At least I don’t have to worry about her screaming or drawing attention to us. But it breaks my heart to think about what Charlie must have gone through in her life. No child should look this comfortable in a body bag.

I zip her inside, leaving a small space for air to get through. I can’t let her suffocate. Then I maneuver her through the construction area and wheel her out the other side of the hospital. I may have to have Snake scrub this footage later, but that’s a future problem. Right now, my only concern is getting Charlie down to the morgue and into the waiting van.

Meredith will do everything she can to protect Charlie. I know she’ll do whatever she can to get to that back door in time. I take a steadying breath as I hit the button for the elevator and pray no one decides to get in with me. The last thing I need is for Charlie to panic inside the bag, or for someone to recognize me and raise questions.

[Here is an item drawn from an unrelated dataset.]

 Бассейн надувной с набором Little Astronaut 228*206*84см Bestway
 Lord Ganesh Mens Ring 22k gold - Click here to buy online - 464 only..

Thankfully, I pass no one I know on the way to the morgue. When I reach the loading dock, Meredith is waiting. I see her fingers drumming on the steering wheel. I chuckle. Maybe I should have saved my “Don’t panic” pep talk for her. I knock on the back of the van to let her know I’m there. I open the back, carefully placing Charlie inside.

I go around to the front of the van and climb in, giving Meredith the instructions to get to the clubhouse. Once we’re clear of the hospital, I have her stop so I can go into the back and let Charlie out of the bag. Again I’m struck by how serene she looks as I open the bag, as if this is where she’s comfortable. I shudder at the notion.

She sits up and stretches, yawning lazily.

“Are we almost there?” she asks in a bored tone. “I need to use the bathroom.”

I laugh and assure her it won’t be long. Unfortunately, I don’t anticipate the snag in the plan. When we pull into the long driveway of the clubhouse, Seer comes out to meet me, looking tense. I’d texted him on the way to let him know we were coming, but he hadn’t responded. Based on the look on his face, I imagine it’s because he wants to chew me out in person.

I hop out of the van and tell Meredith to wait. I notice she stares up at the plantation home in amazement and apprehension. I close the door and walk over to Seer, who shakes my hand but looks angry.